Exercise brief:
Repeat the whole listing word for word, skipping pictures.

Given records:
· · · · ·

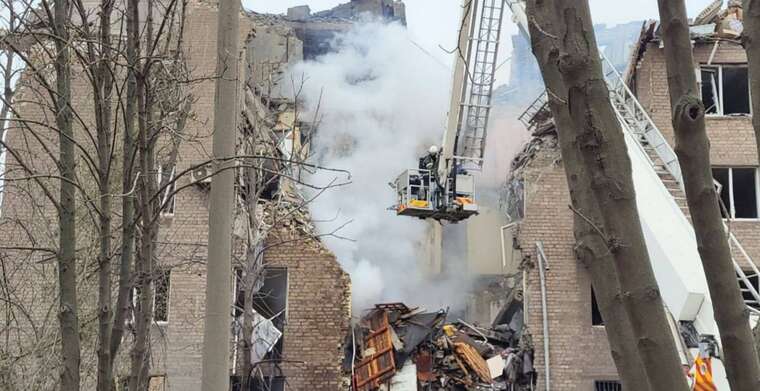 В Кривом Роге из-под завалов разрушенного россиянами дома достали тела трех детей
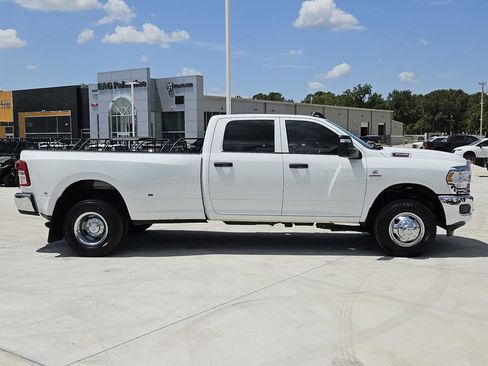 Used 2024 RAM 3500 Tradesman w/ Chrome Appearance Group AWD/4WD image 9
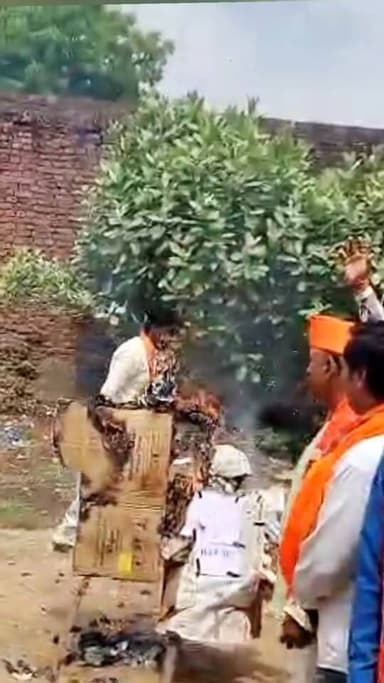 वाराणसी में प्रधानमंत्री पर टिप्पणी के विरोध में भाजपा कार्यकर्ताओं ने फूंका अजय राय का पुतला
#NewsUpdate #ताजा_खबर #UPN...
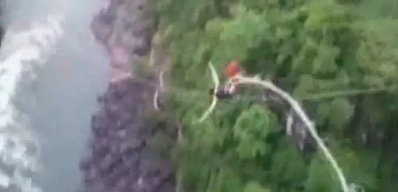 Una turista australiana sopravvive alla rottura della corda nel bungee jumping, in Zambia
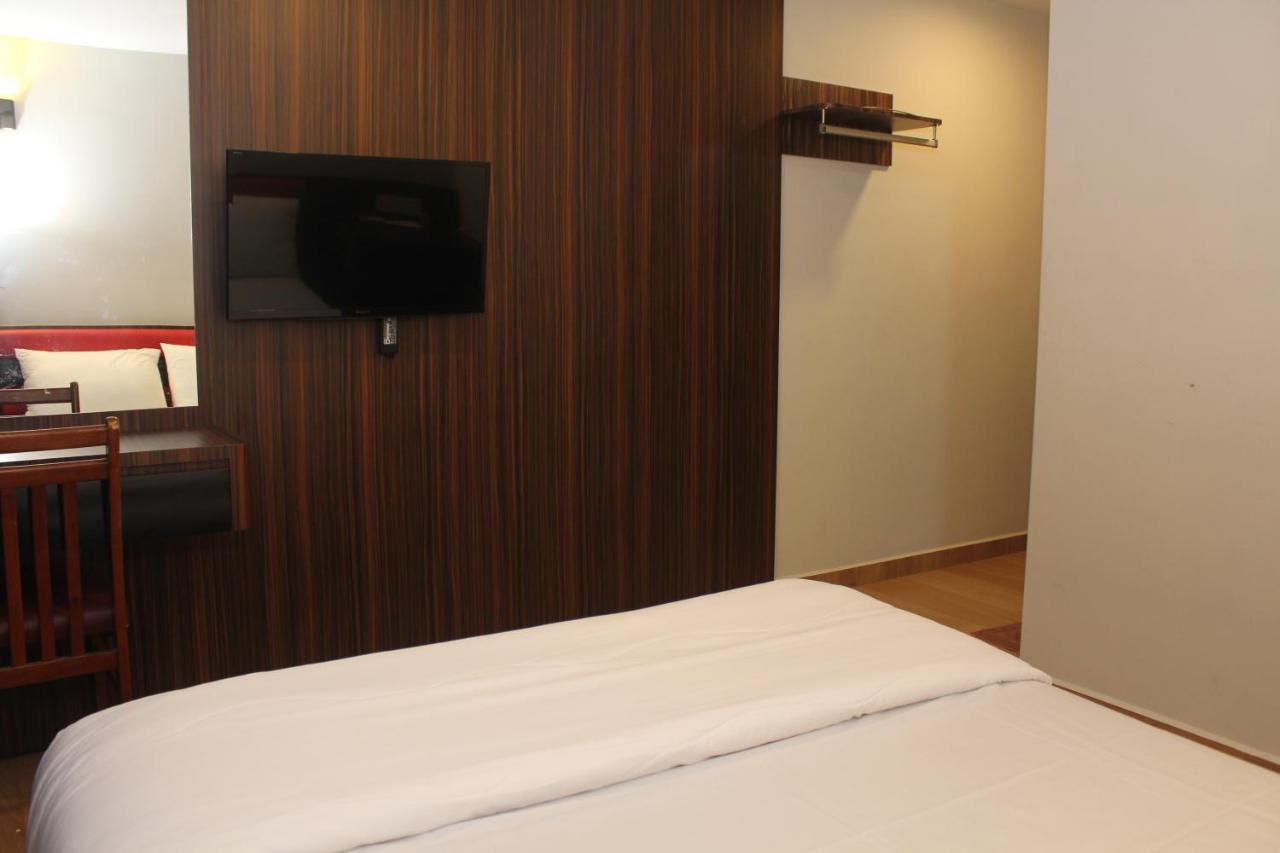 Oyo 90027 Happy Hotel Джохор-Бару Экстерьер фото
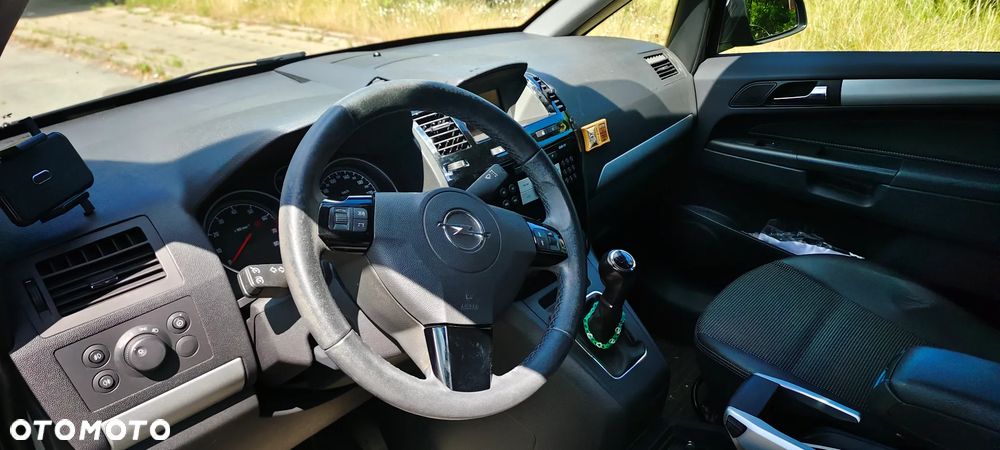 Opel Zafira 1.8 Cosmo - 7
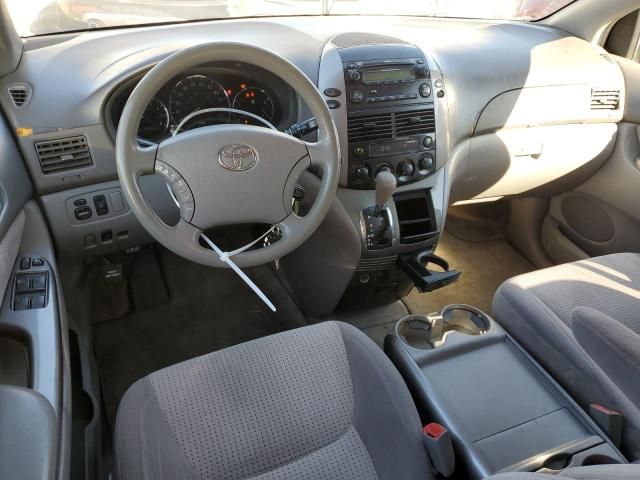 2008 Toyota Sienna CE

· · · · ·

Answer section:
 В Кривом Роге из-под завалов разрушенного россиянами дома достали тела трех детей
 Used 2024 RAM 3500 Tradesman w/ Chrome Appearance Group AWD/4WD image 9
 वाराणसी में प्रधानमंत्री पर टिप्पणी के विरोध में भाजपा कार्यकर्ताओं ने फूंका अजय राय का पुतला
#NewsUpdate #ताजा_खबर #UPN...
 Una turista australiana sopravvive alla rottura della corda nel bungee jumping, in Zambia
 Oyo 90027 Happy Hotel Джохор-Бару Экстерьер фото
 Opel Zafira 1.8 Cosmo - 7
 2008 Toyota Sienna CE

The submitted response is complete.